Have domestic beauty brands become “general stores”?

Headline finding: strategic expansion, not chaos

It has been reported that an industry insider recently observed China’s leading domestic beauty brands increasingly resemble “general stores” — selling skincare, color cosmetics, men’s products, hair care and even small niche items like foot and neck masks. That image is blunt but useful: since last year, top domestic beauty players have rushed to cover adjacent categories as core skincare growth slows. China’s cosmetics market still expanded to about RMB 1.104 trillion in 2025, with domestic brands’ share rising to 57.37%, but the growth mix is shifting fast.

Data and company moves

Platform and industry figures show why brands are pivoting. In early 2026 mainstream e‑commerce growth for beauty skincare/body oils was under 1% year‑on‑year, while color cosmetics, fragrance/tools and hair care jumped near 20%. Proya (珀莱雅) reported RMB 7.098 billion in revenue in the first three quarters of 2025 with skin‑care income shrinking while color and hair categories grew strongly. Shangmei (上美股份) posted RMB 9.178 billion for 2025, driven by Kans (韩束) on short‑video platforms; Kans’s skin share on Douyin has fallen from 99% of its sales mix in 2023 to about 85% this year as personal care and makeup rise. It has been reported that these “growth relay” signals — when multiple market leaders shift new-category weight at once — are a clarion call across the sector.

Why this is happening (and how it differs from foreign groups)

The push is not random. Headline brands face a stage‑ceiling effect: one blockbuster product can scale only so far. The group strategy is two‑pronged — quick gains by stretching a strong master brand into adjacent categories, and longer‑term bets by incubating sub‑brands. Proya, Shangmei and Chando (自然堂) are building multi‑brand matrices while smaller newcomers double down on single‑category depth. Why don’t China’s players simply buy or fast‑launch dozens of niche brands like L’Oréal or Estée Lauder? Because foreign multinationals are global brand managers with diversified international revenue. Most Chinese groups remain heavily domestic‑market dependent, and it has been reported that overseas sales still make up a small slice of revenue — so the fastest, lowest‑risk lever is to use an already‑trusted brand to sell more SKUs at home. Geopolitical headwinds and trade‑policy uncertainty make synchronous global expansion harder, reinforcing the domestic focus.

Two likely futures

Expect a market bifurcation.
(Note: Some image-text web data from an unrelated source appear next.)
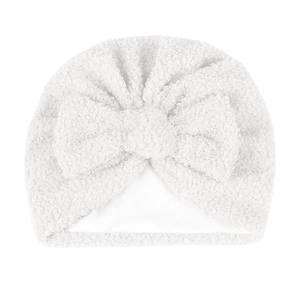 Détail du bonnet pour bébé en polaire teddy blanche avec nœud et doublure douce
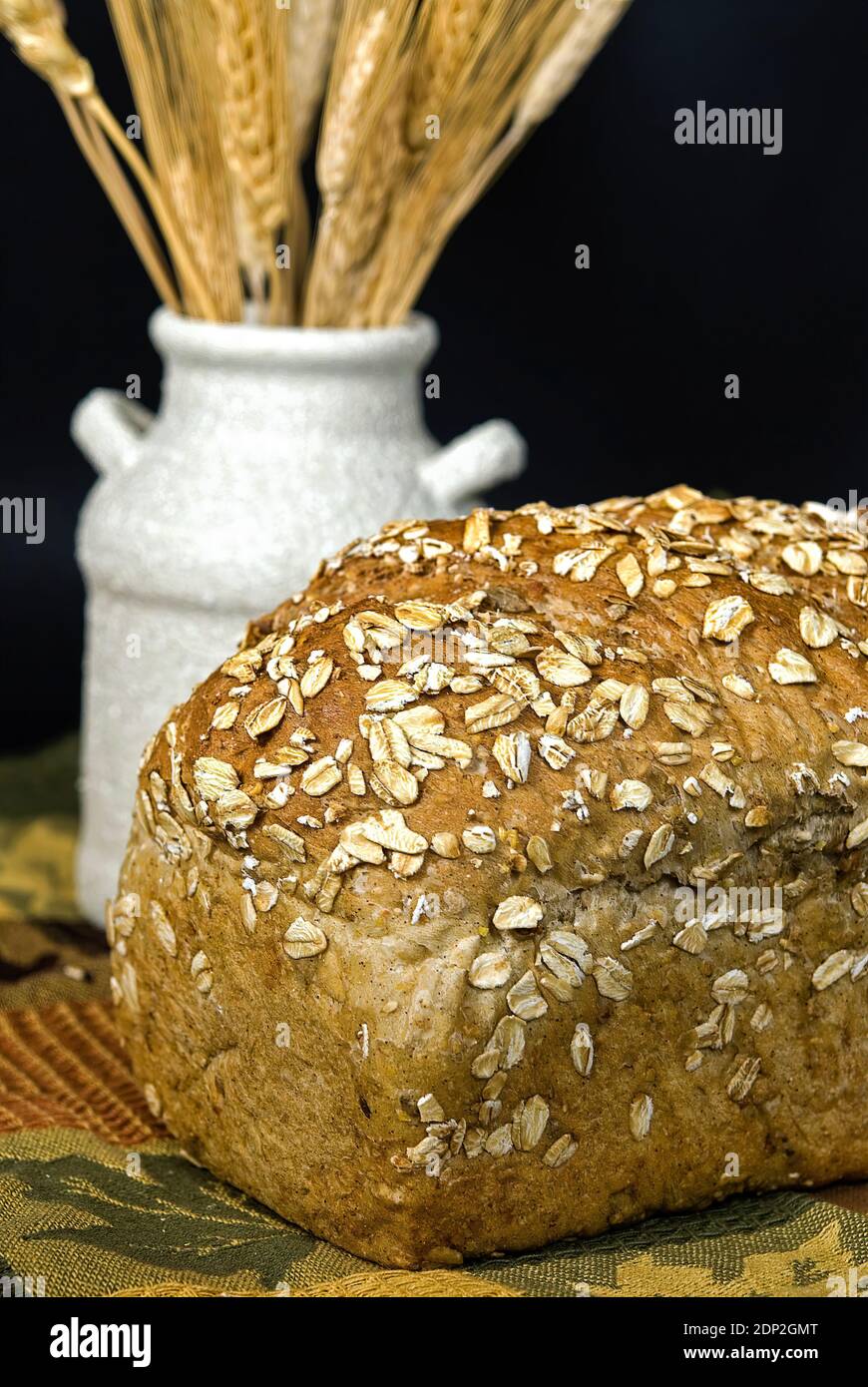 Nahaufnahme von Vollkornbrot mit Weizenstielen in Vase Stockfoto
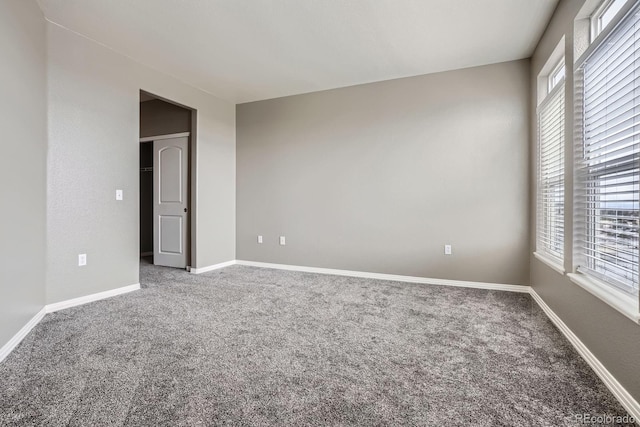 empty room featuring carpet flooring and baseboards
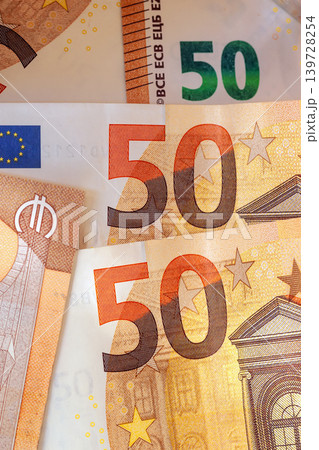 50 euro bills. Close up of euro banknotes with 50 denomination, security patterns, stars, architectural motifs on paper currency. Concept of euro banknotes for finance, banking, payment, savings 139728254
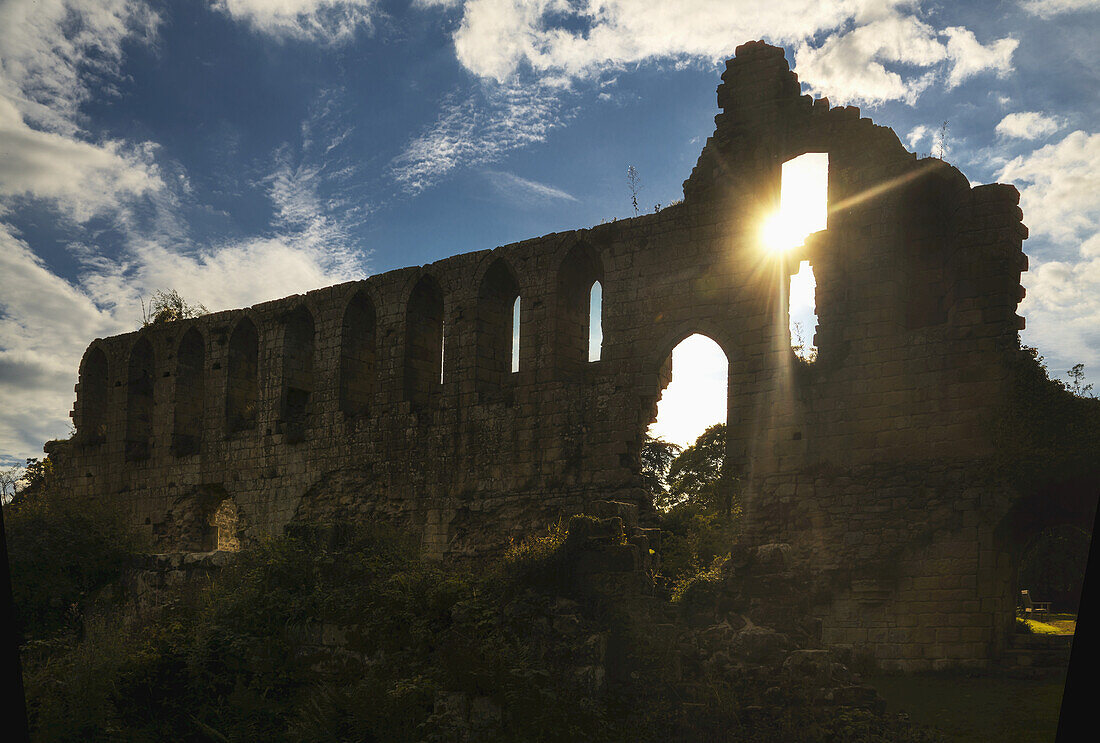 Ruins Of Jeraulx Abbey With Sunlight Shining Through A Window; Yorkshire Dales, England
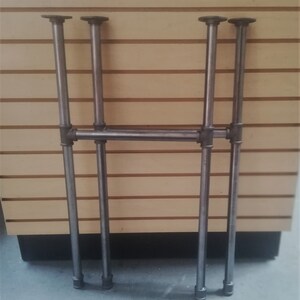 May include: A set of four metal pipe legs for a table or shelf. The legs are made of black metal pipe and have a simple, industrial design.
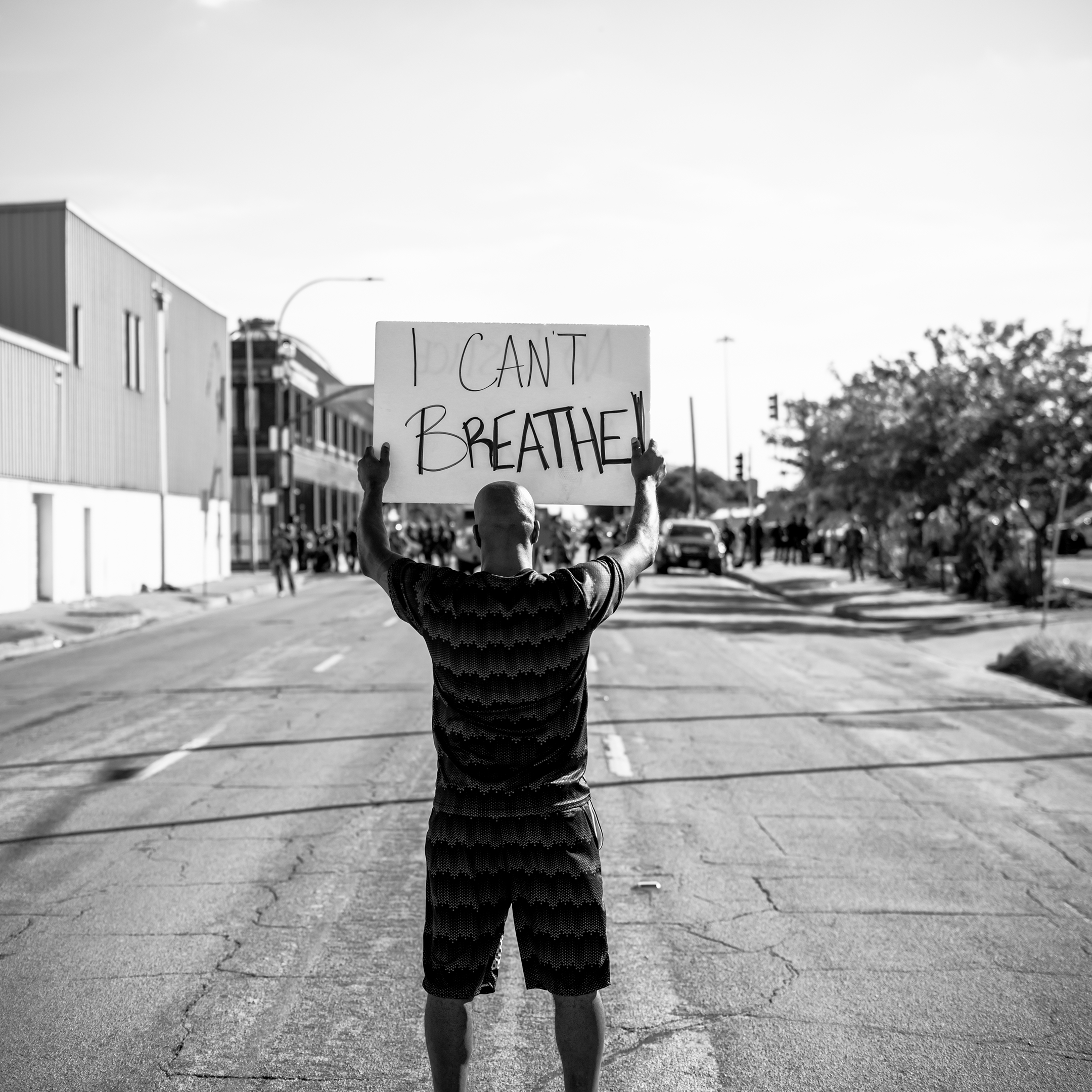 Black and white photo of a black man in a black t-shirt holding a sign that reads I Can't Breathe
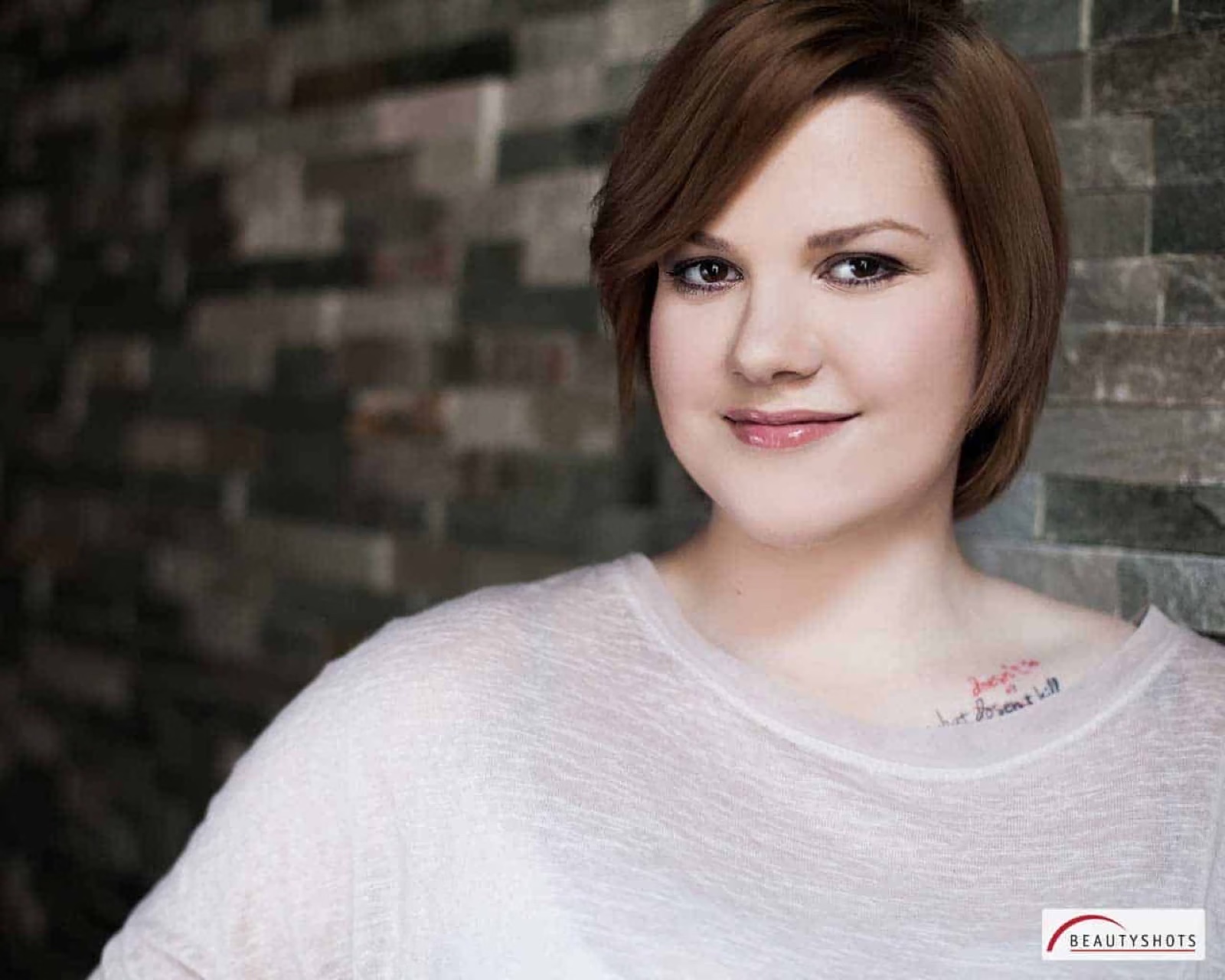 Porträt einer Frau mit kurzem Haar vor Steinwand – natürliches Beauty Shooting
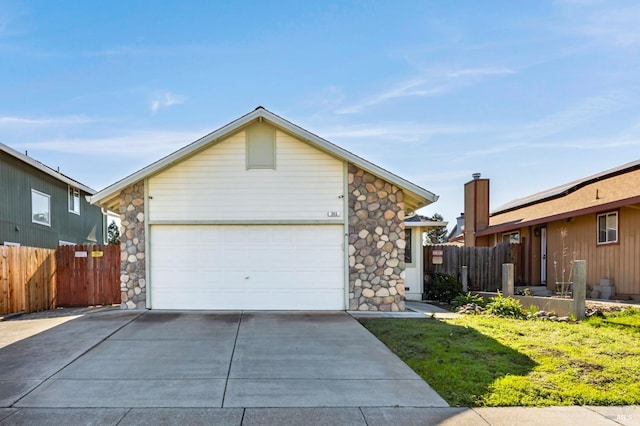 ranch-style home with a garage and a front lawn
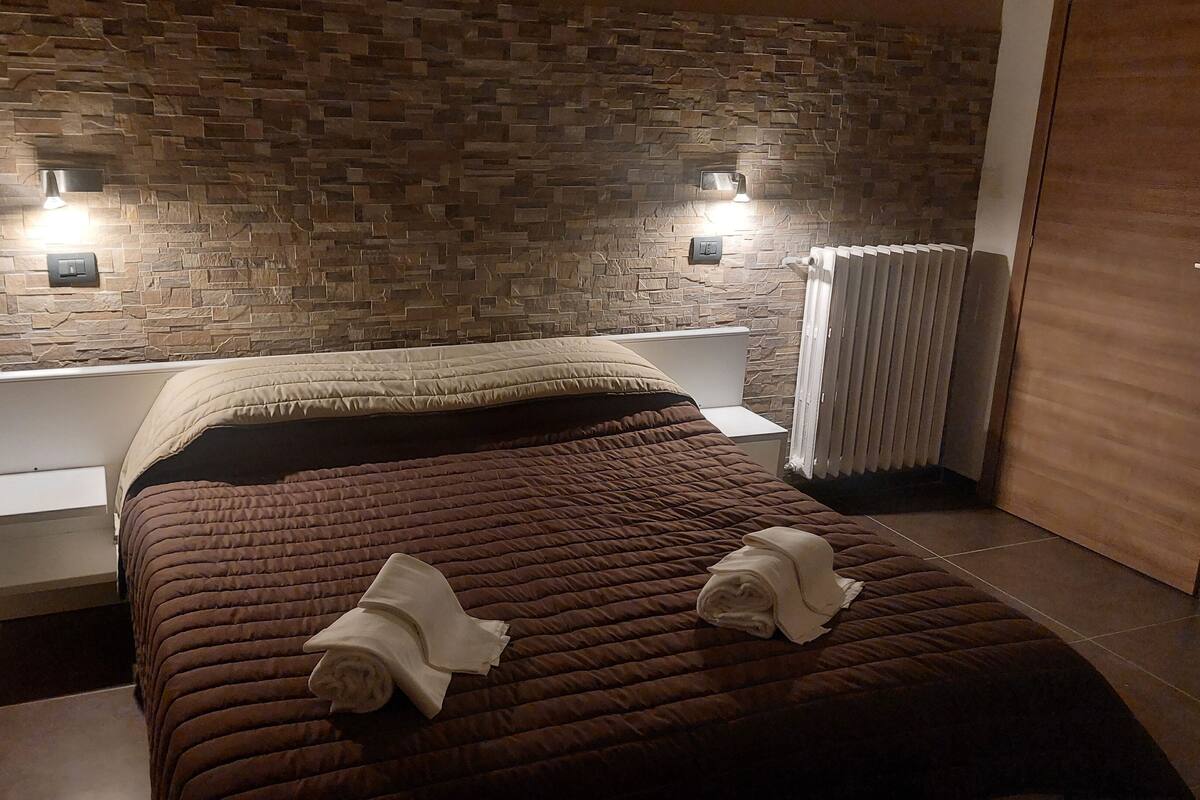 Une chambre moderne avec une tête de lit à motifs de pierre, un lit bien fait avec une couverture marron, et deux lampes fixées au mur.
One path leads to “ecosystem brands” — large master brands that carefully manage multi‑category portfolios to smooth growth volatility. The other path produces “category specialists” that defend deep technical or supply‑chain moats and own a narrow consumer mindshare. Middle players without either capability are being squeezed out: industry data showed 27,000 brands culled in 2025, nearly 41% of active brands. So is it a messy drift into being a “general store”? Not quite. What looks like scattershot assortment may be the first steep climb of a deliberate strategy to turn single‑hit makers into multi‑category platforms before they can realistically globalize. Who wins — the sprawling ecosystem or the focused specialist — will shape China’s beauty landscape next.